More on this operation can be found at these several places:
From my book “Last Ride Home” (here). 
From several other links like here where firsthand accounts are presented.
From Ohio State University (eHistory) here (my company’s story starts on page 106). 
From the link below is some great art work from my good friend and former Marine PFC Tom Miller. Tom lost an eye during Harvest Moon while serving with the 7th Marines – the unit that managed to reach us first late in the day.
This part of that operation I can never forget:
It happened on the second day (December 11, 1965) as we were humping up Hill 407 where we had received so much fire from the day before. As we passed through some heavy shrubs, my mind drifted back to my youthful days and concord grape vines I used climb and steal grapes from my grandmother’s backyard (before she would catch me and chase me away).
Suddenly, my daydreaming was broken when someone yelled, “Grenade!” Everyone started diving off the trail and ducking for whatever cover they could find, or just stopping in their tracks and hitting the ground. Then all of a sudden right in front of me rolling straight down the trail towards my feet was a hand-grenade. In a split second as they say, my whole life flashed before my eyes yet my first thought was to also duck and seek cover or try to run as fast as possible away, but that was not an option at the moment. 

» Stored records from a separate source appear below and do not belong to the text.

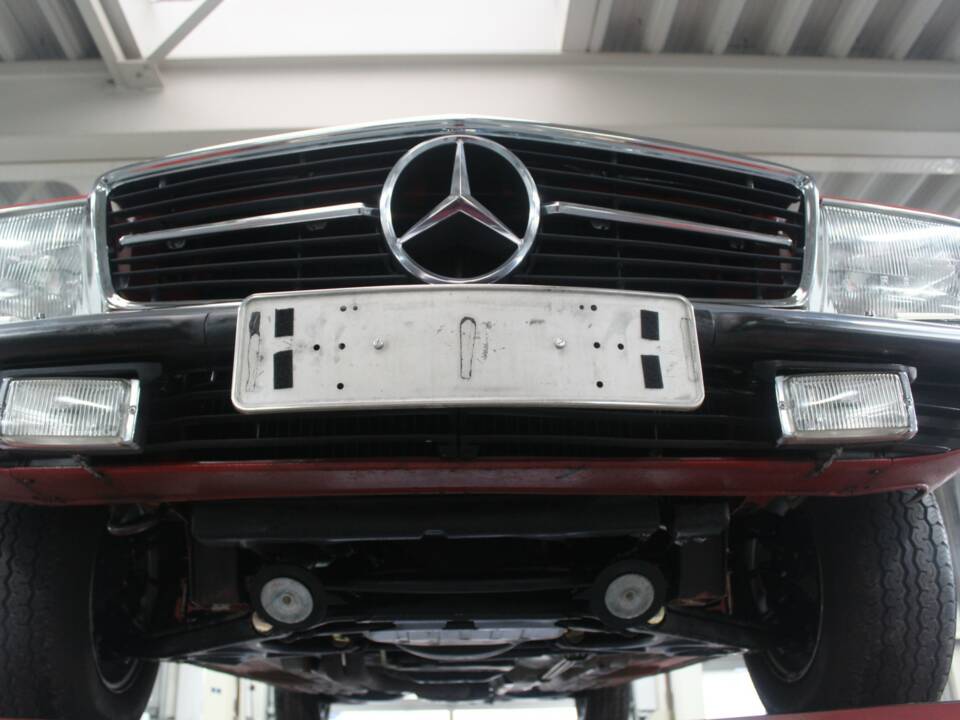 Image 12/50 of Mercedes-Benz 280 SLC (1975)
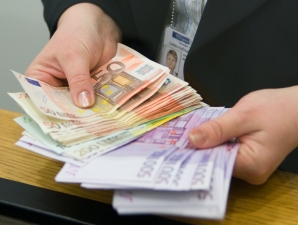 Tyrimas: Lietuva buvo viena sparčiausiai mažinančių šešėlinę ekonomiką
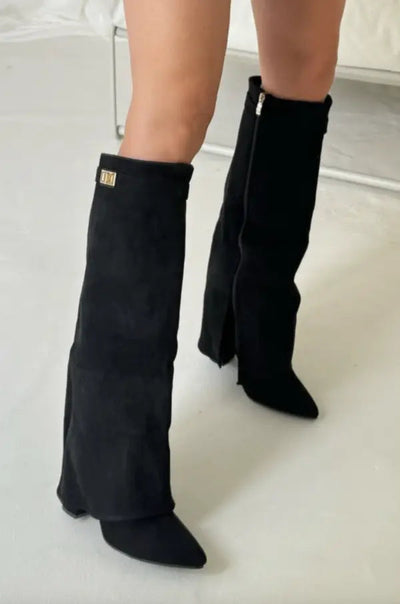 Women’s Black Leather Knee High Boots with Elegant Design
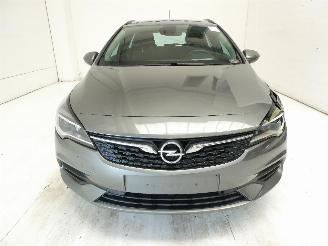 Opel Astra 1.2 picture 2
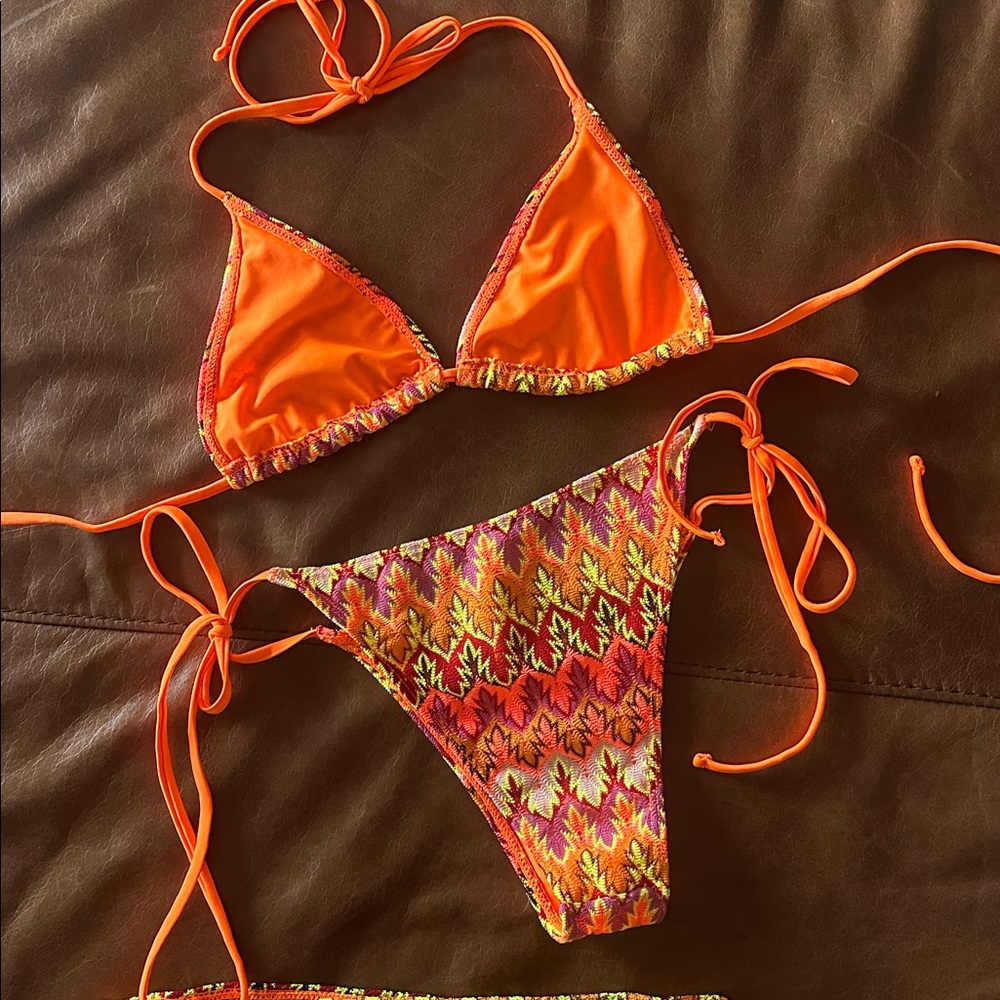 Bikini - Picture 3 of 4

I do remember thinking, “was it was a VC hand-grenade, or a booby trap.” I just did not know and certainly had no time to find out – I needed to act and act fast. In an instant that all went through my mind and nothing seemed to matter so without a single thought clearly in my head, or any thought at all I guess, I reached down and grabbed the grenade and turned to throw it as far as possible away.

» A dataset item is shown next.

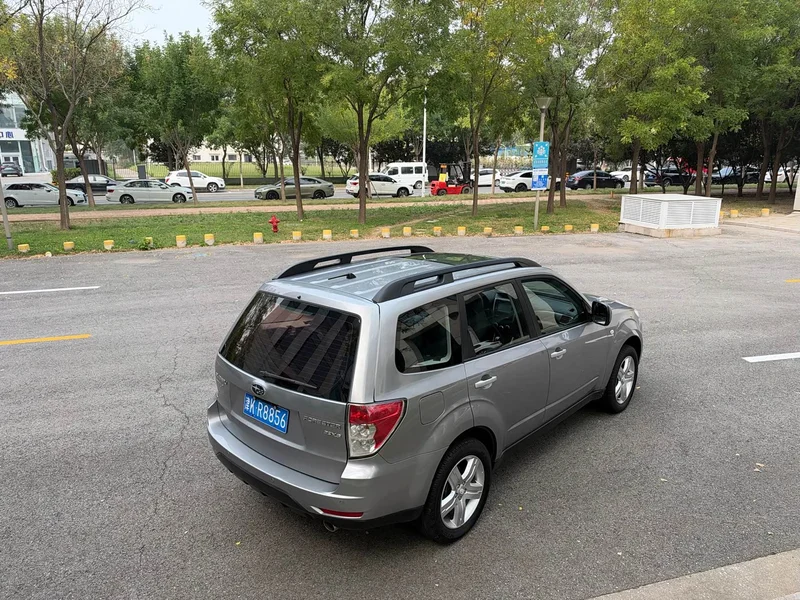 Subaru Forester — фото 6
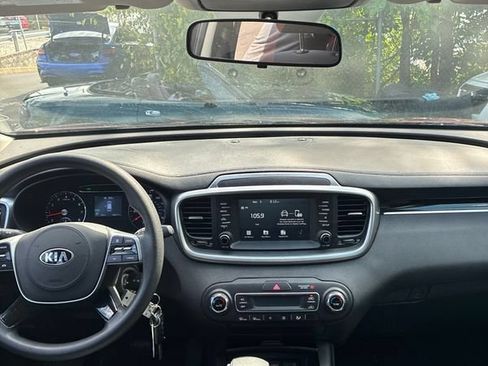 Used 2019 Kia Sorento FWD V6 image 26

At that precise moment I saw that it was one of our own hand grenades, but, it had no firing mechanism in place. It was missing, but the grenade was still fully intact.

In reality, there was no way it could have ever exploded without the firing mechanism. What the hell was going on? As it turned out, it had fallen off some Marine’s cartridge belt who was up ahead in the column. In those early days of the war safety was paramount and we carried them carefully for quick access (in fact sometimes we were told to "tape 'em shut).

As it happened that one came unscrewed and dropped to the ground from his belt and rolled down the hill and right at my feet. The firing mechanism with pin obviously were still hanging from his belt and he didn’t even know it had fallen off.
Everyone around me had a good laugh when they saw what was really happening. There I stood holding a “dud.” I must have looked silly standing there with a grenade in my hand ready to throw it, and with a shitty look on my face, not even knowing it would never have exploded. That was definitely a first for me and I recall thinking it would be the last.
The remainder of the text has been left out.